Chroniques

Top Albums 2012 #5 Chromatics

Il y a deux ans, Johnny Jewel a composé la première B.O. de Drive. Pour on ne sait quelle raison, cette livraison fut refusée et il fut demandée à Kavinsky, College et consorts, de refaire à peu près la même chose, en plus efficace : cette disco lente et résignée, ce ronronnement motorique sexy et sinistre à la fois. À l’heure d’écrire le deuxième vrai album de Chromatics, cinq ans après Night Drive (titre plus que prémonitoire…), le commun des mortels aurait naturellement tenté de capitaliser sur le succès du film en réutilisant les recettes de sa B.O. si bankable. Pas Jewel. À la place, l’homme aux larmes en eye-liner a composé un album traversé de nuit, de vide et de courants d’air. Jusque dans son apparence énigmatique et son mutisme bien connu, il s’emploie à cultiver cette distance entre lui et le monde. En bon esthète collectionneur, il sait que tout ce qui est rare est cher. 

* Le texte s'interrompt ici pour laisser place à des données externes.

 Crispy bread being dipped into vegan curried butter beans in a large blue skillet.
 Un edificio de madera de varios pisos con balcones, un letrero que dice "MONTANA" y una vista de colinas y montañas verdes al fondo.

Cet esthétisme mystérieux intervient évidemment, mais d’une autre façon, au sein des chansons du groupe, aux confluents de l’italo-disco, de la synth-pop, et de la rave music.

Tout ce qui est gravé sur Kill For Love est d’une simplicité – d’un simplisme, diront les mauvaises langues – déconcertante. Presque provocante. Rythmiques, riffs, mélodies, lignes de voix : presque tout ce qui fait cet album pourrait être réalisé par des amateurs. Chromatics est un groupe formaliste en cela qu’il part de formes et de structures préexistantes, d’un nombre limité d’éléments et qu’il accepte d’évoluer dans un univers fait de contraintes et de passages obligés – après tout, la pop music est majoritairement une affaire d’agencement. Mais là où la formation de Johnny Jewel devient fascinante, c’est dans sa volonté d’aller au bout de cette démarche : les chansons de Kill For Love sont toutes similaires, les paroles manipulent des formules presque banales ou entendues milles fois, les rythmiques sont redondantes. Mais l’ultra formalisme des chansons de Chromatics n’est pas vain, il ne passe son temps à se regarder dans le miroir. La maniaquerie de Jewel pour les détails, pour le son de caisse claire, pour l’arrivée du tom qui fait dooooum!, pour tel court delay sur la guitare, pour l’épaisseur granuleuse et crade des syntés, pour la reverb sur la voix de Ruth Radelet n’ont d’autre but que de transformer cette musique a priori désincarnée en une implacable machine sensuelle. Susciter par exemple le désir en retardant l’occurrence de l’événement. Le faire monter à force de répétition et de gimmicks méthodiquement parsemés. Mais jamais, au grand jamais, ne le laisser éclater dans un climax : ce serait sortir de l’érotisme pour toucher à l’obscène. Le désir, chez Chromatics, est manipulé avec force précaution, comme un produit potentiellement toxique, comme un fruit très mûr qu’il faut veiller à ne pas gâter. Mais ces précautions sont inutiles : le désir est un abîme, et sa fin est forcément fatale.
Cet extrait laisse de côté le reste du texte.